Dazu gehört - erstaunlicherweise - auch Yak-Fleisch. Auf der Karte findet sich neben einem Yak-Burger auch ein Yak-Geschnetzeltes. «Das Yak hat im Kanton Uri in einzelnen Regionen das Schaf als Weidetier abgelöst, da es weniger von Wölfen gerissen wird», führt Wicky aus. Das Fleisch schmecke ähnlich wie Rindfleisch und sei dadurch beliebter als beispielsweise Schaffleisch.
Es zeigt sich, welchen Einfluss die Gastronomie auf die Vermarktung regionaler Produkte haben kann. «Das Yak-Fleisch ist mittlerweile sehr beliebt und wird bei uns oft und gerne gegessen», sagt Wicky.
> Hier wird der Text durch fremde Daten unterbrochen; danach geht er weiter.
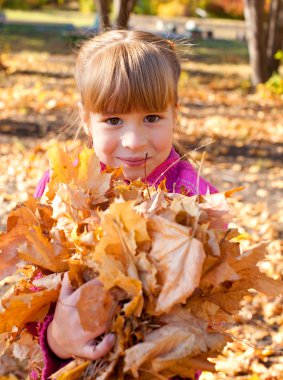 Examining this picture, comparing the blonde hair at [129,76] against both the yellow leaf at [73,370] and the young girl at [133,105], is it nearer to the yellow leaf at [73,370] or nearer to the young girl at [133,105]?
the young girl at [133,105]

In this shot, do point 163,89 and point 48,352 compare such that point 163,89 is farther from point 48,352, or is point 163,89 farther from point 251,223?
point 251,223

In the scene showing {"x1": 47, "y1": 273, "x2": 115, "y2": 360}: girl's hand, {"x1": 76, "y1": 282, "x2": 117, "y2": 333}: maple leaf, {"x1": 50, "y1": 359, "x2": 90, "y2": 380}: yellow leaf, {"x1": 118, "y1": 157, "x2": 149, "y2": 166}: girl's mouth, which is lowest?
{"x1": 50, "y1": 359, "x2": 90, "y2": 380}: yellow leaf

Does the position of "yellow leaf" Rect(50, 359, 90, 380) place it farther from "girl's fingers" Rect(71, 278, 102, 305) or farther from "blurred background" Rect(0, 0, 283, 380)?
"blurred background" Rect(0, 0, 283, 380)

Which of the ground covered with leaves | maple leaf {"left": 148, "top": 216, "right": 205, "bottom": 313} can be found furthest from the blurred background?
maple leaf {"left": 148, "top": 216, "right": 205, "bottom": 313}

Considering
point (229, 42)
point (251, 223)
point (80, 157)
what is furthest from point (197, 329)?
point (229, 42)

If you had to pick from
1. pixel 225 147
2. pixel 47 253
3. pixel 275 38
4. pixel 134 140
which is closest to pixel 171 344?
pixel 47 253

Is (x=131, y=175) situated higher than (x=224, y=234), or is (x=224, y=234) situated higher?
(x=224, y=234)

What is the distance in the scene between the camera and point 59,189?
1.67m

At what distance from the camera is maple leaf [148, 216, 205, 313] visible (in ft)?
4.53

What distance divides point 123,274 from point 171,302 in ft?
0.41

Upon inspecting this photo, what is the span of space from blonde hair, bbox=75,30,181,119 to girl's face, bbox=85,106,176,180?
0.12 feet

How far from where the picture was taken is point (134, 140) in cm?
205

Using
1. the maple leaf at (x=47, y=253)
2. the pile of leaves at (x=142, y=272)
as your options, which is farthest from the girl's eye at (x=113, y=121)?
the maple leaf at (x=47, y=253)

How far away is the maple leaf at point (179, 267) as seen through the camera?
1.38 metres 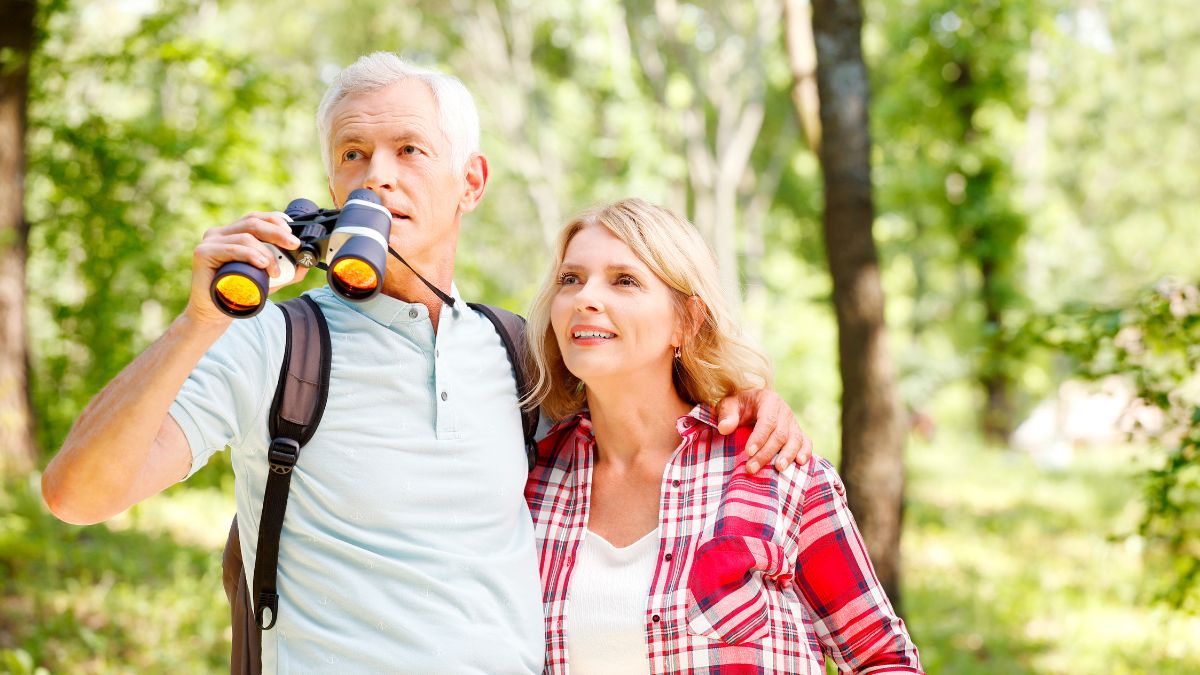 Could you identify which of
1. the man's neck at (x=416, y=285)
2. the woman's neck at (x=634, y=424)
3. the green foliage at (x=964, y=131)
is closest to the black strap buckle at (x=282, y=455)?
the man's neck at (x=416, y=285)

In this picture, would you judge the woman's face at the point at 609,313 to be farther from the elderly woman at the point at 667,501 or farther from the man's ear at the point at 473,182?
the man's ear at the point at 473,182

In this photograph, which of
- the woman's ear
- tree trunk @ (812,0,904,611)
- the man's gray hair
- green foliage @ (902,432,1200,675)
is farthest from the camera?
green foliage @ (902,432,1200,675)

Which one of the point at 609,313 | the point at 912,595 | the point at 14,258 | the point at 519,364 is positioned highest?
the point at 14,258

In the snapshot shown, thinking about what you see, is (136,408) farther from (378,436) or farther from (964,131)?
(964,131)

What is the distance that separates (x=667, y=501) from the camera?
2686mm

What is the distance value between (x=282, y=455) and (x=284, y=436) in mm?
51

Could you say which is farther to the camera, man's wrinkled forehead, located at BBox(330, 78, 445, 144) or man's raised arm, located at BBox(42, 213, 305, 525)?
man's wrinkled forehead, located at BBox(330, 78, 445, 144)

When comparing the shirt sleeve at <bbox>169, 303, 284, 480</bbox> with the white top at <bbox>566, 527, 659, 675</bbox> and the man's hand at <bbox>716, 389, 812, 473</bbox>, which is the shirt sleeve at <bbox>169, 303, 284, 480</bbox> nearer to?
the white top at <bbox>566, 527, 659, 675</bbox>

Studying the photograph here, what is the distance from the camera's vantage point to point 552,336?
2.98m

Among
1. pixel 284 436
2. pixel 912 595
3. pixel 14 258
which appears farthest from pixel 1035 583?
pixel 14 258

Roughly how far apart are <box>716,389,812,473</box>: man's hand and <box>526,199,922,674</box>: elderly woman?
4cm

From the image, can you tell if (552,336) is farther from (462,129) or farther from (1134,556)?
(1134,556)

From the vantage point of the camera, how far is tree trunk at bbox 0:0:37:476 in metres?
7.77

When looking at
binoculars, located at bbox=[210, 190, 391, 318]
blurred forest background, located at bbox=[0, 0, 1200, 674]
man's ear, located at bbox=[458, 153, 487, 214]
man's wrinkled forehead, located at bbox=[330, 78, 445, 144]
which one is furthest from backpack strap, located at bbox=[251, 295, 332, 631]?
blurred forest background, located at bbox=[0, 0, 1200, 674] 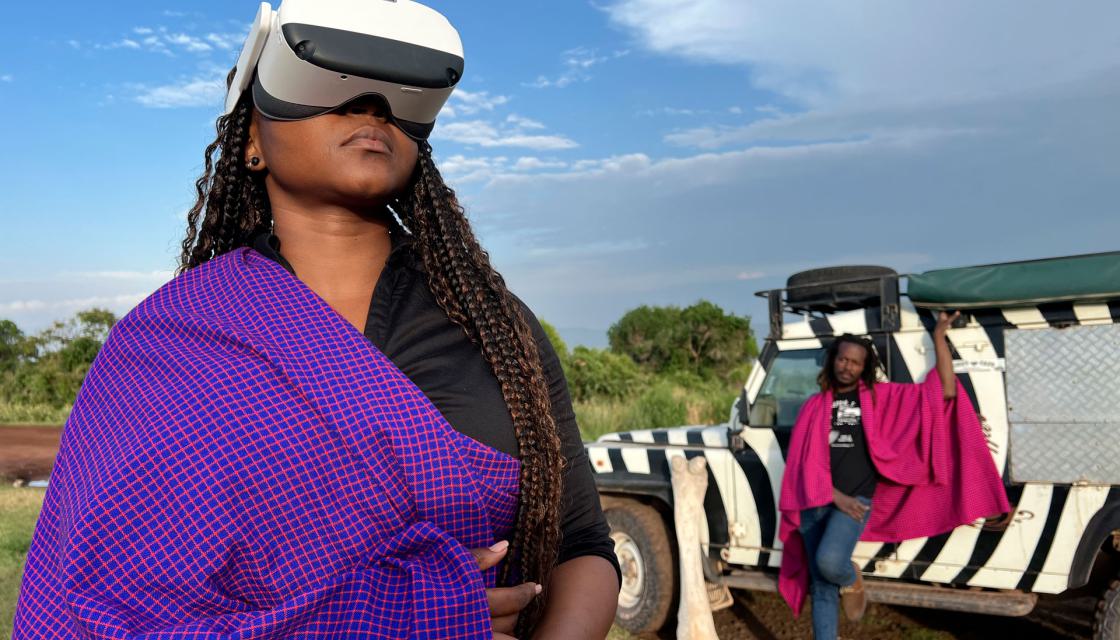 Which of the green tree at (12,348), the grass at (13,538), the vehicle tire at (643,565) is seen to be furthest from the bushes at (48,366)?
the vehicle tire at (643,565)

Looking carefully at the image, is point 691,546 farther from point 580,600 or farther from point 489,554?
point 489,554

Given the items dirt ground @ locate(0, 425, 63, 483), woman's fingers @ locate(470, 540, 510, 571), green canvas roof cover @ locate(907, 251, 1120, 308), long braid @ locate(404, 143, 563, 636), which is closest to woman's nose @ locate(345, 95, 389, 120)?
long braid @ locate(404, 143, 563, 636)

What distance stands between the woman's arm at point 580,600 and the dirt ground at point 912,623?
16.8 feet

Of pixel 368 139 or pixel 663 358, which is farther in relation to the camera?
pixel 663 358

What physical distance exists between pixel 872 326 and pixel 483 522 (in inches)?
170

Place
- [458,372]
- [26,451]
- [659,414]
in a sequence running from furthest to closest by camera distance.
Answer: [26,451] → [659,414] → [458,372]

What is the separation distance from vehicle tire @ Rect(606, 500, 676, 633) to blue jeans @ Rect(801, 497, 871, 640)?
1.23 metres

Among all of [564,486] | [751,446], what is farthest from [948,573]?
[564,486]

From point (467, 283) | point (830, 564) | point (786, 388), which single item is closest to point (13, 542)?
point (786, 388)

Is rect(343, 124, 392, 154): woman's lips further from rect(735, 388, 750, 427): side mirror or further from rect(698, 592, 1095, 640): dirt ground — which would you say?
rect(698, 592, 1095, 640): dirt ground

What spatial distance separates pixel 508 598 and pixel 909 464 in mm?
4217

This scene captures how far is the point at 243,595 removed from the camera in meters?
1.36

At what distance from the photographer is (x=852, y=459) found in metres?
5.21

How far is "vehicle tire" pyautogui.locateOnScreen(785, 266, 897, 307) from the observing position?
5.42 meters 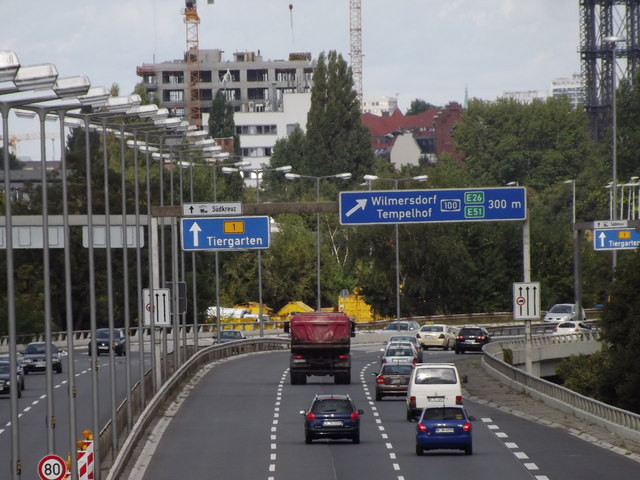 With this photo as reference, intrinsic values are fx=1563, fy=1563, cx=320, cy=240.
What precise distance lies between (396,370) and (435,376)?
341 inches

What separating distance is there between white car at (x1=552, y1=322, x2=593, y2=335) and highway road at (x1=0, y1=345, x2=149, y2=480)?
23.9 m

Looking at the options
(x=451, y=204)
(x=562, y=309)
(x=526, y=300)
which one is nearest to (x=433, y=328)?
(x=562, y=309)

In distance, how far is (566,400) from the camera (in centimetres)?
4962

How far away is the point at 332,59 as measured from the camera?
158750 millimetres

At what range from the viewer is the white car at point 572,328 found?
8390cm

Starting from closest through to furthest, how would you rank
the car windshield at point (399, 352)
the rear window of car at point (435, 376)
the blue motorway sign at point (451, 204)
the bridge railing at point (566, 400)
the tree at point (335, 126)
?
the bridge railing at point (566, 400)
the rear window of car at point (435, 376)
the blue motorway sign at point (451, 204)
the car windshield at point (399, 352)
the tree at point (335, 126)

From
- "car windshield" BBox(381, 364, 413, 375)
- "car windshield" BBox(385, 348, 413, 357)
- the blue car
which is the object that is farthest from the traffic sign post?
the blue car

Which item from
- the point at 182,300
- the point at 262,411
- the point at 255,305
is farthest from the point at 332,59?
the point at 262,411

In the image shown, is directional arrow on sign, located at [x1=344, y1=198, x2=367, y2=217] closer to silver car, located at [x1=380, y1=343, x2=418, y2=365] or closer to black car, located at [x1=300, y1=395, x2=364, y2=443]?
silver car, located at [x1=380, y1=343, x2=418, y2=365]

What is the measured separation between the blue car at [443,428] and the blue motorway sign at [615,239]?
3752cm

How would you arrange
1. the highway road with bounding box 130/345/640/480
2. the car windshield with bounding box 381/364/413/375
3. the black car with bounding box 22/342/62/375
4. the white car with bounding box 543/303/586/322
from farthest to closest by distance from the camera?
the white car with bounding box 543/303/586/322
the black car with bounding box 22/342/62/375
the car windshield with bounding box 381/364/413/375
the highway road with bounding box 130/345/640/480

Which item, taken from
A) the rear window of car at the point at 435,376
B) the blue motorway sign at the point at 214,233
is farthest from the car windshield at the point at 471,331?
the rear window of car at the point at 435,376

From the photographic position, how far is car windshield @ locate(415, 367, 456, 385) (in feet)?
149

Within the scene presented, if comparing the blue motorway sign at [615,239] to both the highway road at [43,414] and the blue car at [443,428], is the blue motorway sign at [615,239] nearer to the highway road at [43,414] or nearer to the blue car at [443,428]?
the highway road at [43,414] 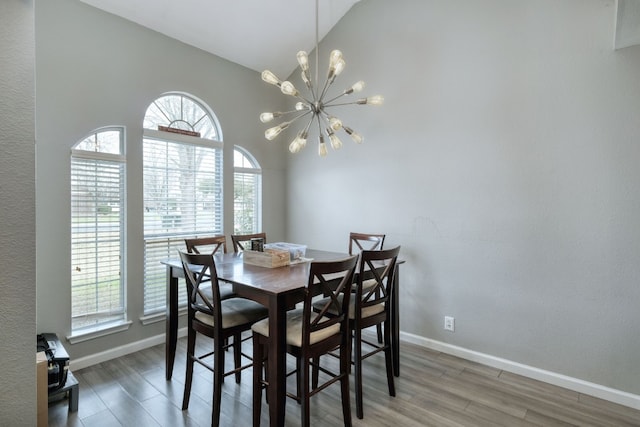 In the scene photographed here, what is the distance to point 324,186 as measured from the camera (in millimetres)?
3982

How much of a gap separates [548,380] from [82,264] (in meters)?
3.80

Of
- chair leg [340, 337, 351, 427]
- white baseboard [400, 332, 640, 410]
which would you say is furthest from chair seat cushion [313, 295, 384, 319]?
white baseboard [400, 332, 640, 410]

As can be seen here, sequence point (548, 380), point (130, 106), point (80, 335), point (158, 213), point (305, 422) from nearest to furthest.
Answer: point (305, 422)
point (548, 380)
point (80, 335)
point (130, 106)
point (158, 213)

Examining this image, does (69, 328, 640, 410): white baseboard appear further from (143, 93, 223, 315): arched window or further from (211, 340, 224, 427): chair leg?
(211, 340, 224, 427): chair leg

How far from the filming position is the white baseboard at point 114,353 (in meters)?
Result: 2.74

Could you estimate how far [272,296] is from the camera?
1773 mm

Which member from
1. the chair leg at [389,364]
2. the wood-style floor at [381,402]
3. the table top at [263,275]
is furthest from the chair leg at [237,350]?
the chair leg at [389,364]

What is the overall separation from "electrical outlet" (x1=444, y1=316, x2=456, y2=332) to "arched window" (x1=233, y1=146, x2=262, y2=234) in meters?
2.35

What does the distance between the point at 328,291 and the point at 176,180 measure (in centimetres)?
228

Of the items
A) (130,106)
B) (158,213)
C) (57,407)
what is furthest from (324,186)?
(57,407)

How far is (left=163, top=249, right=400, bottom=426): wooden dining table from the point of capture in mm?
1766

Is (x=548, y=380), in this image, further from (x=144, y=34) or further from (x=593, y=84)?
(x=144, y=34)

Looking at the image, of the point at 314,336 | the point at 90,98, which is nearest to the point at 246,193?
the point at 90,98

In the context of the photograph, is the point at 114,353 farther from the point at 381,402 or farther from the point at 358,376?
the point at 381,402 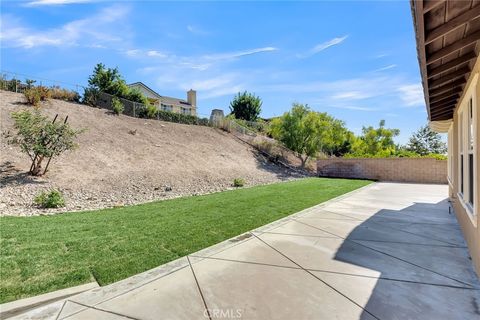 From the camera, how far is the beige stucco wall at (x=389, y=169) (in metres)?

Die Gastronomie nimmt damit die Rolle eines Schaufensters für regionale Produkte ein.
«Es hät, solang's hät»
Mit der Regionalität gehen einige Prozesse einher. Beispielsweise werden die Tiere auf dem Hof der Bauern geschlachtet und gelangen über den Metzger ins Gasthaus. «Wir nehmen immer nur das, was wir von den Bauern bekommen», sagt Gastgeberin Seraina Wicky.

Seraina Wicky im Gespräch mit Luc Treichler. (Bild: Louis Rafael Rosenthal)
Das bedeutet im Umkehrschluss, dass sich die Speisekarte im Restaurant dem Angebot der Bauern anpasst. «Ein Yak hat nun mal nur zwei Filets. Wenn diese bereits serviert wurden, gibt es halt kein Yak-Filet mehr», so Wicky. Mit dieser Philosophie könne sie die Produkte aber mit gutem Gewissen servieren. «Wir wissen, wo das Fleisch herkommt und was dahintersteckt. Das schätzen auch die Gäste sehr.»
Daneben kommen in der Göscheneralp vor allem saisonale Produkte auf die Teller der Gäste. «Im naheliegenden Wald sammeln wir Beeren oder Pilze, die wir in unsere Hauptspeisen oder Desserts integrieren», sagt Wicky. Sollte dies nichts hergeben, wird bei einem Bauern aus der Region eingekauft oder auf das Produkt verzichtet.
Das Netzwerk ist entscheidend
Für diese Philosophie muss sich Seraina Wicky oft rechtfertigen. Sie werde mit der Meinung konfrontiert, dass Kochen mit regionalen Produkten schlicht zu teuer sei und sich dies nur die Sterne-Restaurants leisten könnten.
Seraina Wicky winkt ab. Es möge zwar stimmen, dass die Preise gegenüber anderen Anbietern höher sind. «Allerdings kann mit gutem Fleisch aus der Region mehr für das Menü verlangt werden.» Der Gast sei in der Regel immer bereit, für ein Menü mit regionalen Produkten mehr zu bezahlen, wenn das Restaurant die Gründe für den höheren Preis offen kommuniziert.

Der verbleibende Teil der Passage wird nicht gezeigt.